# RECORDS
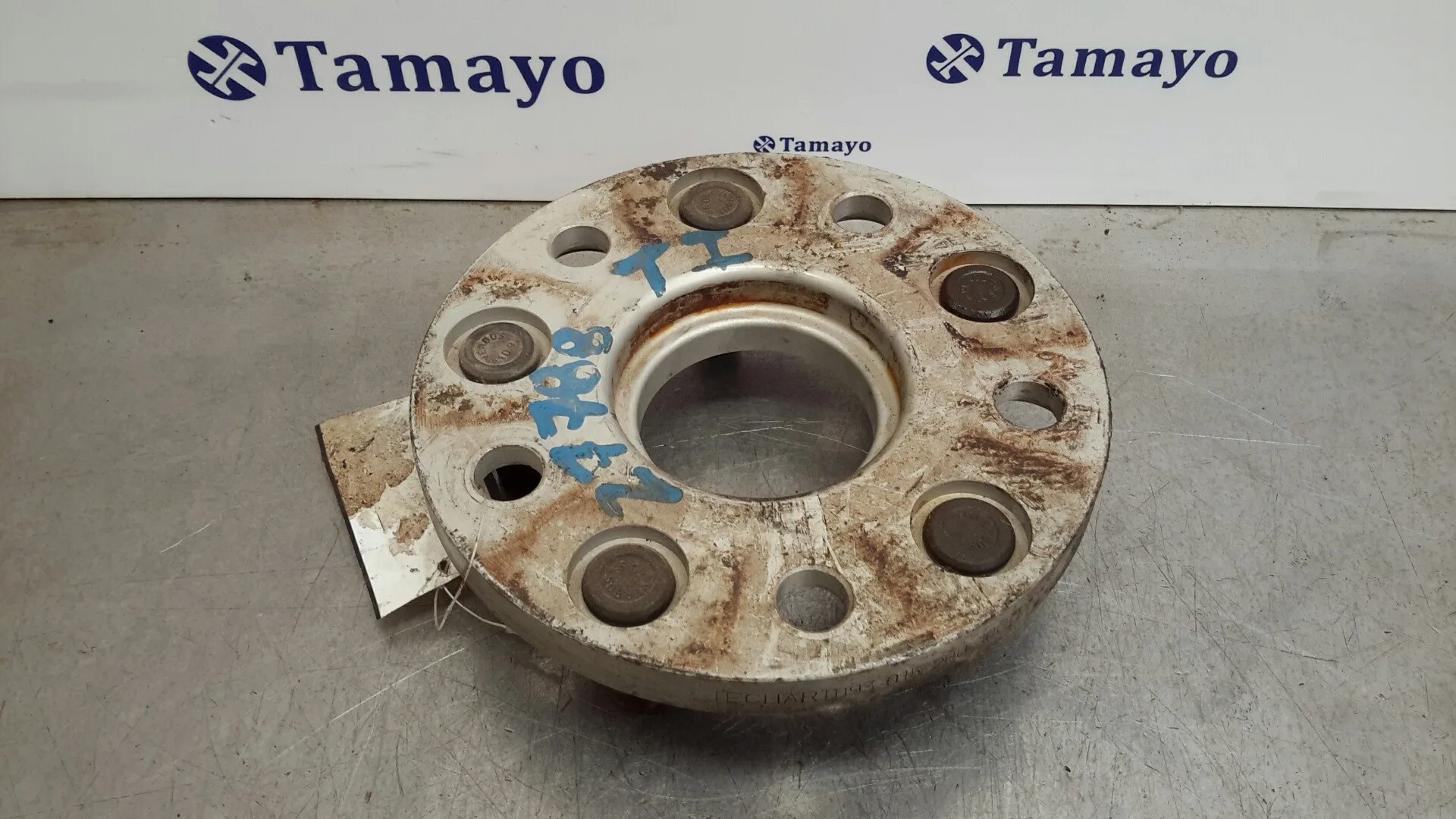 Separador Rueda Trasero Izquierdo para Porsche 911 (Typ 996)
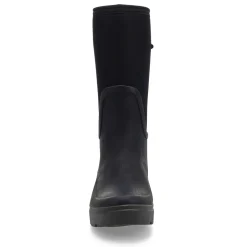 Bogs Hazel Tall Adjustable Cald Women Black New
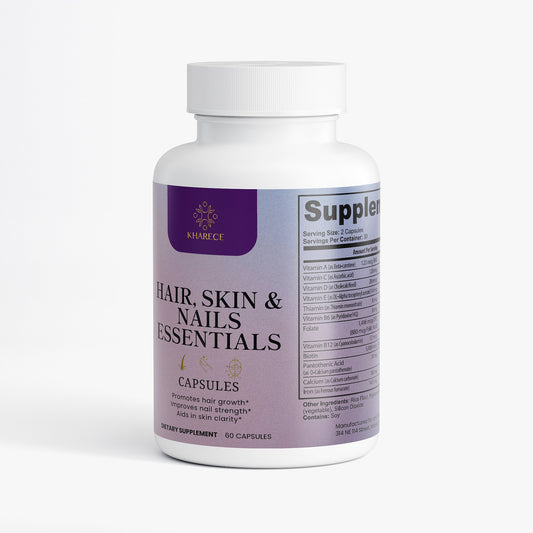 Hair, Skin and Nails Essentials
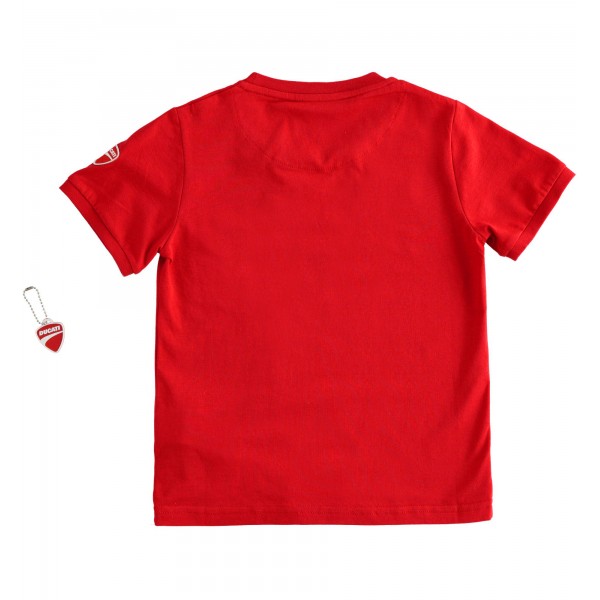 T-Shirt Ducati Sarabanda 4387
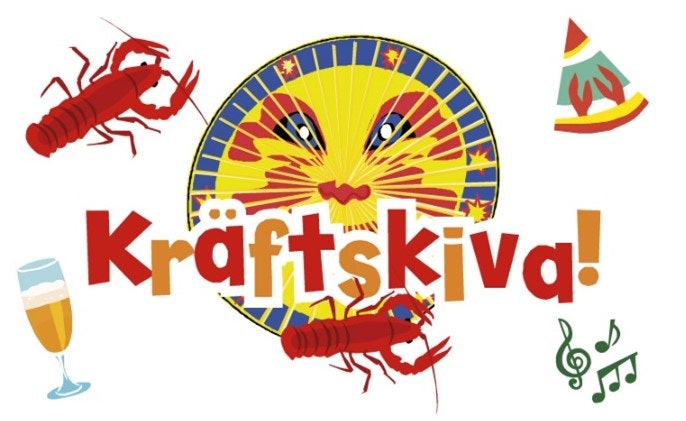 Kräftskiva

# TASK REQUIREMENTS
The output should consist of every entry above, printed exactly, with the images removed.

# COMPLETED TASK
 Separador Rueda Trasero Izquierdo para Porsche 911 (Typ 996)
 Bogs Hazel Tall Adjustable Cald Women Black New
 Hair, Skin and Nails Essentials
 T-Shirt Ducati Sarabanda 4387
 Kräftskiva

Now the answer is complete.